Appendix 3 - Evolutionarily stable strategies and nonequilibrium

Abstract

Games Theory was developed by John von Neumann and Oskar Morgenstern (1944), although the French mathematician Antoine Augustin Cournot studied some aspects (1838, later further developed by John Forbes Nash) in the nineteenth century. Its most important contribution to evolutionary biology is the concept of evolutionarily stable strategy (ESS). It is central to modern evolutionary ecology, and Richard Dawkins (1976) suggests that it may be "one of the most important advances in evolutionary theory since Darwin". It was introduced into ecology by John Maynard Smith and George R. Price (1973).
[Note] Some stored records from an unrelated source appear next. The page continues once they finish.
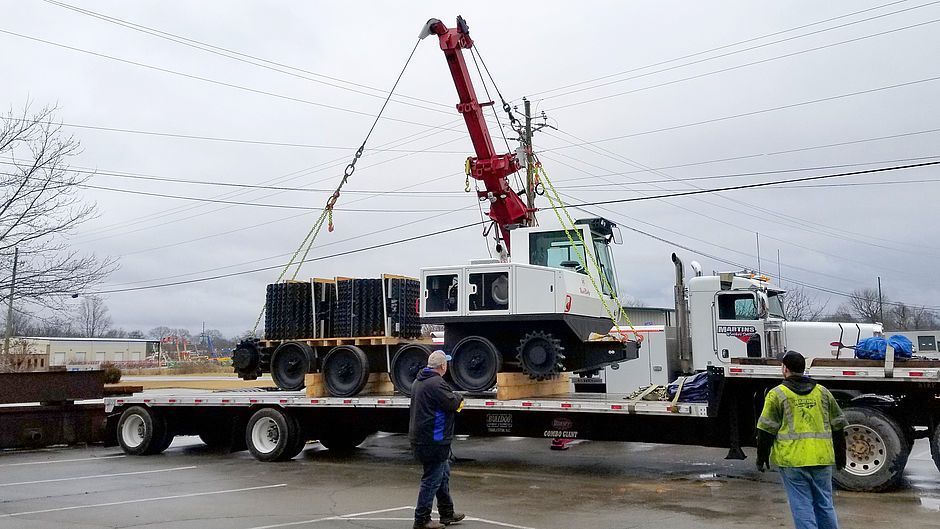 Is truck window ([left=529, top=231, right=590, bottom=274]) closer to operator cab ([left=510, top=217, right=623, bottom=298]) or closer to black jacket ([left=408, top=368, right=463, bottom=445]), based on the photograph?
operator cab ([left=510, top=217, right=623, bottom=298])

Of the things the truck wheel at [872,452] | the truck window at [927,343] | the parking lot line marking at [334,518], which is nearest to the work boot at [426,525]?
the parking lot line marking at [334,518]

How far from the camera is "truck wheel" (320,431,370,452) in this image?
14.9 meters

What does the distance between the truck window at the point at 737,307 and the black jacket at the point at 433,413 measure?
10.1m

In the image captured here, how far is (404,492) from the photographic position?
406 inches

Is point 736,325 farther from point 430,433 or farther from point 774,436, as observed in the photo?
point 774,436

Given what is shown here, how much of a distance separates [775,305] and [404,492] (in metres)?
10.0

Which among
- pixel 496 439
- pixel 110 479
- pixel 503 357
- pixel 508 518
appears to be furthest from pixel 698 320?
pixel 110 479

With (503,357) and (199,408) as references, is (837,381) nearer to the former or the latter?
(503,357)

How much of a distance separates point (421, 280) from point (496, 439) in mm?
6116

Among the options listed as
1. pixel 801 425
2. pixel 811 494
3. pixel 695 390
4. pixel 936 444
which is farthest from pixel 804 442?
pixel 695 390

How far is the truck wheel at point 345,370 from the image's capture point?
13242 millimetres

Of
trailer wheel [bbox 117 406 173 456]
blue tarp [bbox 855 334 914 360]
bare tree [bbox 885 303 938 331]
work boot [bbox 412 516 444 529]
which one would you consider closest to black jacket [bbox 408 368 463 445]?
work boot [bbox 412 516 444 529]

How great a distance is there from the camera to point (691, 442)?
432 inches

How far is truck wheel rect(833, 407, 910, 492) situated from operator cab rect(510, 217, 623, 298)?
15.7ft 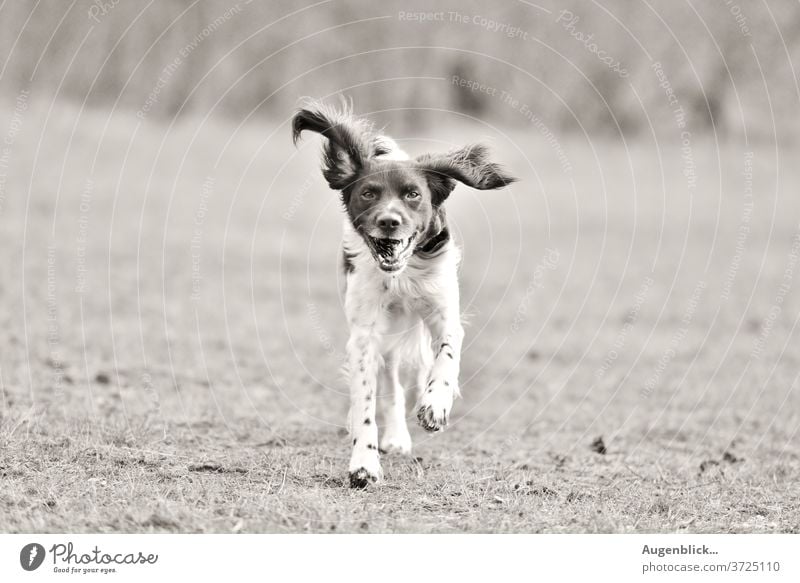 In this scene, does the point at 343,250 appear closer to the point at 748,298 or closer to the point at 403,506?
the point at 403,506

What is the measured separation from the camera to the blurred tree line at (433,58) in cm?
2425

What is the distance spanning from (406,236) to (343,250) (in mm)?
1235

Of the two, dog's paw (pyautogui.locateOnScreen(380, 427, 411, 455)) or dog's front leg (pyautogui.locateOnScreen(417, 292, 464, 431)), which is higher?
dog's front leg (pyautogui.locateOnScreen(417, 292, 464, 431)) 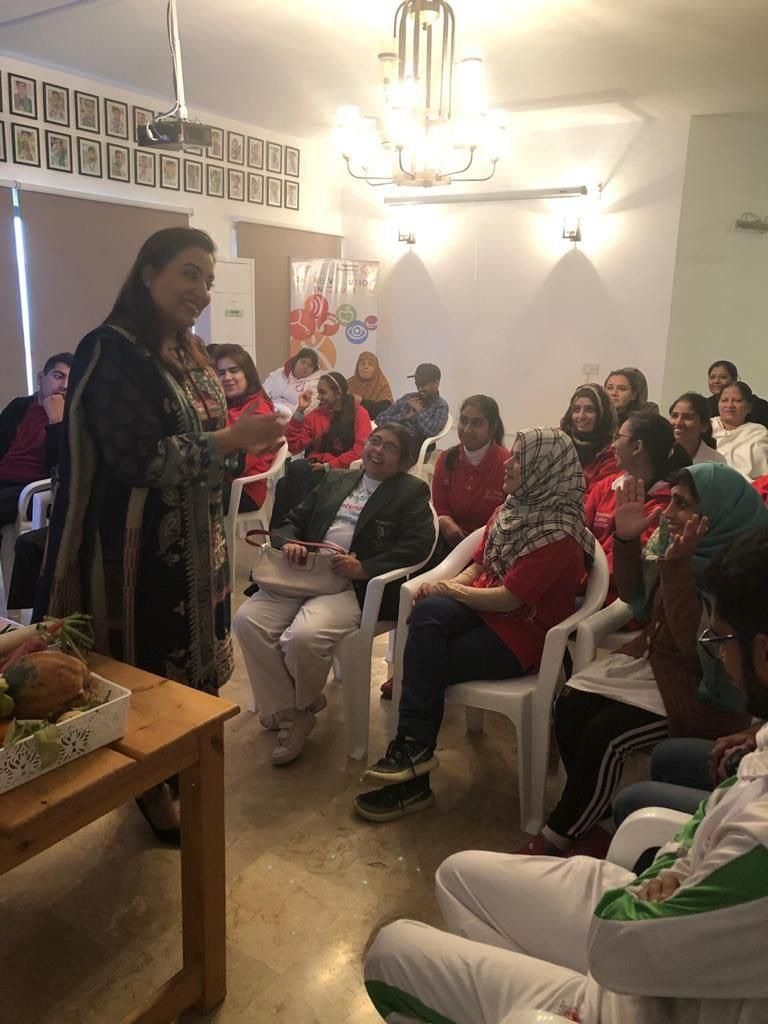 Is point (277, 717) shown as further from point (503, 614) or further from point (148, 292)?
point (148, 292)

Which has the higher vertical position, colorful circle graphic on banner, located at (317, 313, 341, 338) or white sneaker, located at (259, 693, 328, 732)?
colorful circle graphic on banner, located at (317, 313, 341, 338)

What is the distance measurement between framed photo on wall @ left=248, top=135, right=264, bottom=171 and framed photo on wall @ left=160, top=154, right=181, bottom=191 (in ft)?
2.47

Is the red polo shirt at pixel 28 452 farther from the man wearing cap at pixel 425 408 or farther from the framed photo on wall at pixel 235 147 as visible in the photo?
the framed photo on wall at pixel 235 147

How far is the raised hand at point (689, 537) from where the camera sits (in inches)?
69.0

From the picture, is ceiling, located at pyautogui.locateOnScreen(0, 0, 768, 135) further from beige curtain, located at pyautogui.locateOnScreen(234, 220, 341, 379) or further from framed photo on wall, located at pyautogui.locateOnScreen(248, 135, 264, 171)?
beige curtain, located at pyautogui.locateOnScreen(234, 220, 341, 379)

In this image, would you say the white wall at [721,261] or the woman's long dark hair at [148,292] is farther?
the white wall at [721,261]

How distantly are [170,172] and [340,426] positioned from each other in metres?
2.39

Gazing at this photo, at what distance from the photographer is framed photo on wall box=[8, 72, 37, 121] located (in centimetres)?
439

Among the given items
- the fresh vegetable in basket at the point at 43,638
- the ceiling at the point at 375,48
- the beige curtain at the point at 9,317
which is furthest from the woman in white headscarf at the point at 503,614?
the beige curtain at the point at 9,317

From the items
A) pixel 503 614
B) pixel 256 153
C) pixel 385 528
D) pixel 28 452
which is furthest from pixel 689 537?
pixel 256 153

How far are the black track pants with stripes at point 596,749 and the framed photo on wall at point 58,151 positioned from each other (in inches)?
173

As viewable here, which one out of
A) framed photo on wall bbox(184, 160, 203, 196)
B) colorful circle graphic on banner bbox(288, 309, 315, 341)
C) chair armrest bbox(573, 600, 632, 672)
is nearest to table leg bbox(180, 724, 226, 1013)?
chair armrest bbox(573, 600, 632, 672)

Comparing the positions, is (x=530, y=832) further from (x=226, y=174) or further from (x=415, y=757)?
(x=226, y=174)

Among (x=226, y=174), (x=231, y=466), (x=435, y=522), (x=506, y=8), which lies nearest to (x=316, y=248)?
(x=226, y=174) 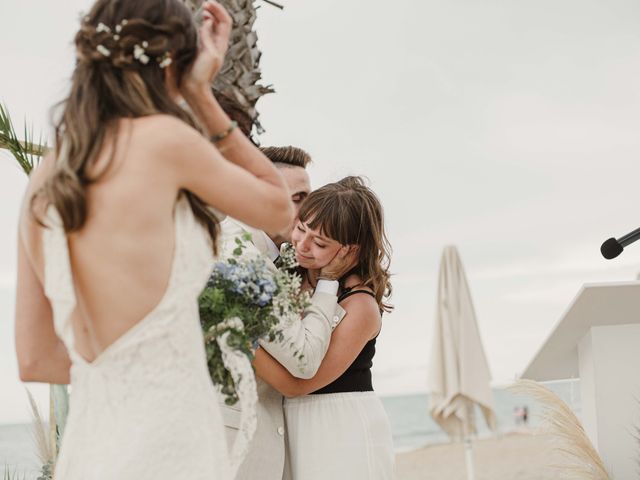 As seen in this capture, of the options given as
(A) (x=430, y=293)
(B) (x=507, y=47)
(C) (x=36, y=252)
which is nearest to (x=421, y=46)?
(B) (x=507, y=47)

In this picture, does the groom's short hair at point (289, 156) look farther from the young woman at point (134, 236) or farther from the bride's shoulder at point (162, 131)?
the bride's shoulder at point (162, 131)

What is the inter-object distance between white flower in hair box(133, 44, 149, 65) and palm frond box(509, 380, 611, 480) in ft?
11.0

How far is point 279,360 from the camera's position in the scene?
9.85 ft

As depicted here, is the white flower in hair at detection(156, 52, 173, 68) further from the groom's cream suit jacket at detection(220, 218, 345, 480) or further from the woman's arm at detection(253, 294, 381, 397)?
the woman's arm at detection(253, 294, 381, 397)

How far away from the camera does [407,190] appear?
41.2 metres

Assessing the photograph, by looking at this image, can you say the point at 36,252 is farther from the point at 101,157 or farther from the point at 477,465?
the point at 477,465

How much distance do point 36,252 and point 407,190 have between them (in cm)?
3950

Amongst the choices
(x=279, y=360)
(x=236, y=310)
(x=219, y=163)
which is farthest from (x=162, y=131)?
(x=279, y=360)

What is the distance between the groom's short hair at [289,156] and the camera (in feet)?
13.3

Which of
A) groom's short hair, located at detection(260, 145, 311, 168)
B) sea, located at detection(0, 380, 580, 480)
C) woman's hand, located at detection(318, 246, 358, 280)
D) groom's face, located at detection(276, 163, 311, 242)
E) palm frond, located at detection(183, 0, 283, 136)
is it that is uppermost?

It can be derived from the concept of Nash Equilibrium (John Nash 1950), according to which none of a number of players in a game can gain by changing her/his strategy unilaterally. John Maynard Smith (1982) gave a detailed account of applications of Game Theory to evolutionary theory including ESS. However, parts of his book rely heavily on mathematics. Richard Dawkins' (1976) The Selfish Gene contains a discussion of ESS and many examples, clearly explained without any mathematics. According to Maynard Smith (1982), "An 'ESS' or 'evolutionarily stable strategy' is a strategy such that, if all the members of a population adopt it, no mutant strategy can invade". A strategy is a genetically determined behavioural "policy" ("course of action"). There may be more than one ESS for a population, and the type(s) of ESS depend on many characteristics of the members of a population, such as the genetic relatedness of the members in the population, population size, whether members of a population can learn from previous experience, whether populations reproduce asexually or sexually, whether contests are symmetric or asymmetric, etc. A symmetric game is one in which the adversaries start in similar situations and can choose the same strategies with the same potential payoffs (the changes in reproductive success due to the strategy). The game using dove-hawk strategies discussed below is an example of a symmetric game. It is important to realize that an ESS is not necessarily a strategy that is "best" for all the members of the population, i.e. guarantees the greatest fitness (reproductive success) for them in the long term. The reason is that genes (any proportion of genetic material potentially lasting long enough for natural selection to act on it as a unit) have no "foresight". They are selected on the basis of the present conditions in their environment.